2. OBSERVATIONS AND DATA REDUCTION
We observed GV Tau N on 22 February 2010 with the high-resolution, near-infrared cryogenic echelle spectrometer NIRSPEC at the 10 m W. M. Keck Observatory on Mauna Kea, Hawaii (McLean et al. 1998) as part of an L-band spectral survey. We used the 3 pixel (0
43) wide slit, which provides a resolving power (λ/Δλ) of ∼25,000. We used the 24'' long slit with a 12'' ABBA nod pattern. Our reduction procedures are discussed in detail in DiSanti et al. (2001), Brittain et al. (2003), and Bonev (2005). The data were flat fielded and dark subtracted, cleaned of systematically hot and dead pixels and cosmic ray hits, and resampled to align the spectral and spatial dimensions along rows and columns, respectively. The atmospheric transmittance function was modeled using the Line-By-Line Radiative Transfer Model (Clough et al. 2005), which is optimized for Mauna Kea's atmospheric conditions (Villanueva et al. 2011). It was scaled to the observed continuum (generally defined as a second order baseline through regions devoid of spectral features or telluric lines) and used to determine the column burdens of atmospheric species and to perform wavelength calibrations. Figures 1 and 2 show the normalized residual ((spectrum–telluric model)/continuum), still convolved with the telluric transmittance.

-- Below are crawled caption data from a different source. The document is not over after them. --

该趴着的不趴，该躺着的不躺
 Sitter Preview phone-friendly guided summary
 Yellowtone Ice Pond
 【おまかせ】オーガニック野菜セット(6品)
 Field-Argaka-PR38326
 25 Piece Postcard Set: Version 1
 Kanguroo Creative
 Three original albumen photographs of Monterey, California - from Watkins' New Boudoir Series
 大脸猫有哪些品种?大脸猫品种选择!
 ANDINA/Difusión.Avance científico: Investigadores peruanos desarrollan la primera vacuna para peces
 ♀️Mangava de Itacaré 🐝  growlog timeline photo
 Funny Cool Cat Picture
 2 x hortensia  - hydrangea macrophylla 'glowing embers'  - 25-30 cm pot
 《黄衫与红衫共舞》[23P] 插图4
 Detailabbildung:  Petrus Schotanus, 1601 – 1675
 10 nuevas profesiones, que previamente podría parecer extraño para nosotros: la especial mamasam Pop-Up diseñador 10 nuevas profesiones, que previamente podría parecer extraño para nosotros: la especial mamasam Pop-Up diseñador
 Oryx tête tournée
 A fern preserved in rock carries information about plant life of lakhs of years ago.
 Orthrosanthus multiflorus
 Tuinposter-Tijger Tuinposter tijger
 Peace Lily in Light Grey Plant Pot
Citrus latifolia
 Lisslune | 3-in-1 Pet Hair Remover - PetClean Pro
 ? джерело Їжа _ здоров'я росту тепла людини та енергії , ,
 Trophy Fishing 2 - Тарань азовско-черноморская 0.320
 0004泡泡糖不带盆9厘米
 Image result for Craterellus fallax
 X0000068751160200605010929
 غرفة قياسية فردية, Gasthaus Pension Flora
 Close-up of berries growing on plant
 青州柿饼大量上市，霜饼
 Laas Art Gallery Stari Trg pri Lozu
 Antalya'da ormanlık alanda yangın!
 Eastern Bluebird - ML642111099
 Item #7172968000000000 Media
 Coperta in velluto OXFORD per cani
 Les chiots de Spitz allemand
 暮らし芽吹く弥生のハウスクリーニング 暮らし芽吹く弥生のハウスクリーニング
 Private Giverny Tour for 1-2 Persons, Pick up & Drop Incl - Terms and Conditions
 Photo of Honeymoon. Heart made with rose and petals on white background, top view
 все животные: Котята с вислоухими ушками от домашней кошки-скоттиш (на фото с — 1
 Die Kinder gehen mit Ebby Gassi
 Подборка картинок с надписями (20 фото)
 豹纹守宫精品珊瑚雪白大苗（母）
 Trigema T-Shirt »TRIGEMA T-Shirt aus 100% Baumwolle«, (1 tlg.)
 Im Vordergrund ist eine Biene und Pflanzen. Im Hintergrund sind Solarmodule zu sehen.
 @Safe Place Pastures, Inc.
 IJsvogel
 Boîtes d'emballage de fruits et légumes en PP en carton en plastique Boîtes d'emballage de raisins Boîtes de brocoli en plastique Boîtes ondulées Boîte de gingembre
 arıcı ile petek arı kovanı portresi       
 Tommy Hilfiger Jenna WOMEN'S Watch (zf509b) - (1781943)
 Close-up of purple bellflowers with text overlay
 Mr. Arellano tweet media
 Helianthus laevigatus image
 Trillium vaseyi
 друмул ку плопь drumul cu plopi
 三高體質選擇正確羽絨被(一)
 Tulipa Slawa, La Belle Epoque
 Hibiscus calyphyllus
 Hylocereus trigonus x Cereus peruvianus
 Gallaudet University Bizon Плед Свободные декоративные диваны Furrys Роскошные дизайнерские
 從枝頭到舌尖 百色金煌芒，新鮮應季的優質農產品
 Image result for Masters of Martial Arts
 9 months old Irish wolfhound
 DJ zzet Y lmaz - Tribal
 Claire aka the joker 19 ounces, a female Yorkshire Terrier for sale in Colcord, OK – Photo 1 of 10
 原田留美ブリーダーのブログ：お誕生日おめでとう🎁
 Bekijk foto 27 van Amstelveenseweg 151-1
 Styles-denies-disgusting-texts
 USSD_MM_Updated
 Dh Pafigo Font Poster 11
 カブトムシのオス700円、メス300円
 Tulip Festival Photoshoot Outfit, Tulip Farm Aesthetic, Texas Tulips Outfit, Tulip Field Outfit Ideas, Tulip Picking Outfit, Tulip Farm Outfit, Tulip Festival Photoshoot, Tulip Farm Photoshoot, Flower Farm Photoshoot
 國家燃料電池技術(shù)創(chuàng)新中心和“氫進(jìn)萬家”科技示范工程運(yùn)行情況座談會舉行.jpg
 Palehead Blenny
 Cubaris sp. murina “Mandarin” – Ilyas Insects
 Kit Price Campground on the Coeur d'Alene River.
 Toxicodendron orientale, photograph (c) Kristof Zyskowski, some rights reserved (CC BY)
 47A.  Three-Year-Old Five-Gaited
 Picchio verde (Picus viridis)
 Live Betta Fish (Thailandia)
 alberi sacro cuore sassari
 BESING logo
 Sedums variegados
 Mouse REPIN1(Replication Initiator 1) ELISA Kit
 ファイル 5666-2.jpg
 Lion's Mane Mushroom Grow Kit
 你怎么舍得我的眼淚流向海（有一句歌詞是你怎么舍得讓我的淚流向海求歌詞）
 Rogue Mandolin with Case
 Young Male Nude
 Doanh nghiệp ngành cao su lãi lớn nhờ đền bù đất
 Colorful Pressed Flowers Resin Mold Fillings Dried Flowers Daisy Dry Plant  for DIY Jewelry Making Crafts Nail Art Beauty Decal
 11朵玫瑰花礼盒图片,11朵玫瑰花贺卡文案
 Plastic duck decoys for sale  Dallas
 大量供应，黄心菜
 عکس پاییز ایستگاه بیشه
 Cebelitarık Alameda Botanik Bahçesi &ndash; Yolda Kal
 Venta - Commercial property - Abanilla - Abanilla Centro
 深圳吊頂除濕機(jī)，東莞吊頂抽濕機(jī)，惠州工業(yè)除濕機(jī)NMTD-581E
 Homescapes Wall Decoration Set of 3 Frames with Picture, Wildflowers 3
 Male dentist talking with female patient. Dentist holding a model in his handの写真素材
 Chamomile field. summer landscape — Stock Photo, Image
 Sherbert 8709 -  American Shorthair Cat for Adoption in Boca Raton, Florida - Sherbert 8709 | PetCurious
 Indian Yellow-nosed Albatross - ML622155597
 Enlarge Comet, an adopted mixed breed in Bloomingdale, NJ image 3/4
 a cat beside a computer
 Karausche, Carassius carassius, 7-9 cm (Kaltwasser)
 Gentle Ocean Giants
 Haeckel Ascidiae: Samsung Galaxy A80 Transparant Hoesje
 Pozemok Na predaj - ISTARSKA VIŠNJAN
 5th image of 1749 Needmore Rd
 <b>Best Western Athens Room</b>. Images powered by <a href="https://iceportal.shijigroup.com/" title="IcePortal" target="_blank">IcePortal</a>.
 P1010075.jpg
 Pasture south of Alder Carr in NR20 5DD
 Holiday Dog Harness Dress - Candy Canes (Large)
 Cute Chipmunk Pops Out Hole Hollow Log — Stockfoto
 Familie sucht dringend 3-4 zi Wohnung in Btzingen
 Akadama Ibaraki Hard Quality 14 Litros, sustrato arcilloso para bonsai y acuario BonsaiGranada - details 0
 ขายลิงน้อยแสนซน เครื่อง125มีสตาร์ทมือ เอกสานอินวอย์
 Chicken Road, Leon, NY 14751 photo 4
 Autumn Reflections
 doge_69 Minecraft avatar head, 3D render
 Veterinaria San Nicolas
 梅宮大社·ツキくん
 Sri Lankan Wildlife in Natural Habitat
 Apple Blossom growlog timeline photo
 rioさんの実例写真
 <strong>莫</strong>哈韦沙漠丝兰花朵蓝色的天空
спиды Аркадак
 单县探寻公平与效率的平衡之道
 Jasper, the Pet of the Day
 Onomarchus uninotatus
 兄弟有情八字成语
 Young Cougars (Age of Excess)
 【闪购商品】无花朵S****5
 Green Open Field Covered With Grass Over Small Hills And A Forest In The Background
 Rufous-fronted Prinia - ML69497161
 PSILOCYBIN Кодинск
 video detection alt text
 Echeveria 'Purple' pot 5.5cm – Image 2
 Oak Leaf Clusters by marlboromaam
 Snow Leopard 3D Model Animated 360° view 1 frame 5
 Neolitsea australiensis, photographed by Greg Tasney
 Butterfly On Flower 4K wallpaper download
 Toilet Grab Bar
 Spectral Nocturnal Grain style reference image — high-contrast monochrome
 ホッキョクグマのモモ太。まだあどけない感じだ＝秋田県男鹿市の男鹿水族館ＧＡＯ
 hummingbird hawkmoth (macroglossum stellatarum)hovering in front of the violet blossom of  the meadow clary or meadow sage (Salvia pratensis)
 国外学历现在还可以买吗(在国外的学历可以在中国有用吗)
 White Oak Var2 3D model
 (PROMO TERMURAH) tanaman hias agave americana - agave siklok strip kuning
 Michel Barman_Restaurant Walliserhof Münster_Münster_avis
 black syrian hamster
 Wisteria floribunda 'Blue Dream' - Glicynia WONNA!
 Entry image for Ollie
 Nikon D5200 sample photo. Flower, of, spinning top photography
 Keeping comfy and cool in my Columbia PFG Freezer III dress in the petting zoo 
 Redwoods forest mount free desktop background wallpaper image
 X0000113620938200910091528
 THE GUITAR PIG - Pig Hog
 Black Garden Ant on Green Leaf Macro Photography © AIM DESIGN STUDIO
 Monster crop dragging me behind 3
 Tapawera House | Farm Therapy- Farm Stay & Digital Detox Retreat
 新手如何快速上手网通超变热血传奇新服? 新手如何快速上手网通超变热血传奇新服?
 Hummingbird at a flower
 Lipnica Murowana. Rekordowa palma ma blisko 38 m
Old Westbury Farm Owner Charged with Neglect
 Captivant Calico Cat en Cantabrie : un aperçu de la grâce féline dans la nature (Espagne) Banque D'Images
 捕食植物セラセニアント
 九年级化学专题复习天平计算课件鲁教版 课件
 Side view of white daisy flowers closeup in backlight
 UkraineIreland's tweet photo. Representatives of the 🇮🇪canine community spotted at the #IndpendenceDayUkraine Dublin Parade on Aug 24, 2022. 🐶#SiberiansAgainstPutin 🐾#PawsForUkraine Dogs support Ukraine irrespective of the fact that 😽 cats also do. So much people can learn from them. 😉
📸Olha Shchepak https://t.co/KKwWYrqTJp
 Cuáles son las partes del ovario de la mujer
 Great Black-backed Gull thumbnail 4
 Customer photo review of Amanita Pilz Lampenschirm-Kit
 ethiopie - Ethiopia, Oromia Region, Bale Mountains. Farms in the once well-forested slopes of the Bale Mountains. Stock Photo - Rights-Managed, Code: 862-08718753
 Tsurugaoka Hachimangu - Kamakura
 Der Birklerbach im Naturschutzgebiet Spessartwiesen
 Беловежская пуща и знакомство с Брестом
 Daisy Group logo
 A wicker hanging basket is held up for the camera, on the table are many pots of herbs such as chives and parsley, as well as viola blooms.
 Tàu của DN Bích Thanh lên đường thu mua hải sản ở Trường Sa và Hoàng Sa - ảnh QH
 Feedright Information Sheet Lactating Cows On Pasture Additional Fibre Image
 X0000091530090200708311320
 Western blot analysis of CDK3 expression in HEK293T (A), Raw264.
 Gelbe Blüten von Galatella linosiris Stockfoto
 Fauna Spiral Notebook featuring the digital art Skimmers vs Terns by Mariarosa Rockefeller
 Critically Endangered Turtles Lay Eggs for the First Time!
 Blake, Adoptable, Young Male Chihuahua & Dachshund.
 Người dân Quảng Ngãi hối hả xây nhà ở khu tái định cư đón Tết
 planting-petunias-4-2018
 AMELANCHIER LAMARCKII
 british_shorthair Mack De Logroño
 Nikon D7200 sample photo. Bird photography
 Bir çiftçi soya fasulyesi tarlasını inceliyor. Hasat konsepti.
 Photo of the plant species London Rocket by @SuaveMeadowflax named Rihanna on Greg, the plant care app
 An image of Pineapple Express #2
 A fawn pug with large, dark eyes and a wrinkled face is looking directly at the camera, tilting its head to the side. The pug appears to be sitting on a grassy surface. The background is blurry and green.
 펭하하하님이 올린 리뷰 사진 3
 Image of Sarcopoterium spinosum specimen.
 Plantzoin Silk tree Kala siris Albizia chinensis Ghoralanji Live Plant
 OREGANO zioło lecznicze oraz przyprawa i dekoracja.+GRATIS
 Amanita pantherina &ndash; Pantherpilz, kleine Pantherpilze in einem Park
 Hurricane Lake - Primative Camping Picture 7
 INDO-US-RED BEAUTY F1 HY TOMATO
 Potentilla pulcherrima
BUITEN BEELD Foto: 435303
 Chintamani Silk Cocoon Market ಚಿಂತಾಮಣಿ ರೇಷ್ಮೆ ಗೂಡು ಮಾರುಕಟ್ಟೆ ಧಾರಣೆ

Figure 1. Spectral panels showing several transitions of CH4 in GV Tau N. The normalized (flux/continuum) residual spectrum (after subtracting the telluric model) is shown in black in each panel. Data points with transmittance less than 50% have been removed. Overplotted is the best-fit synthetic model for CH4 (red). Synthetic models for water (orange) and HCN (blue), and the photospheric model for GV Tau N (purple, offset vertically (+0.05) for clarity, see Section 2) are also shown, illustrating that most absorption features are accounted for. The telluric model used to derive the residual is shown in green, scaled (*0.04) vertically for clarity.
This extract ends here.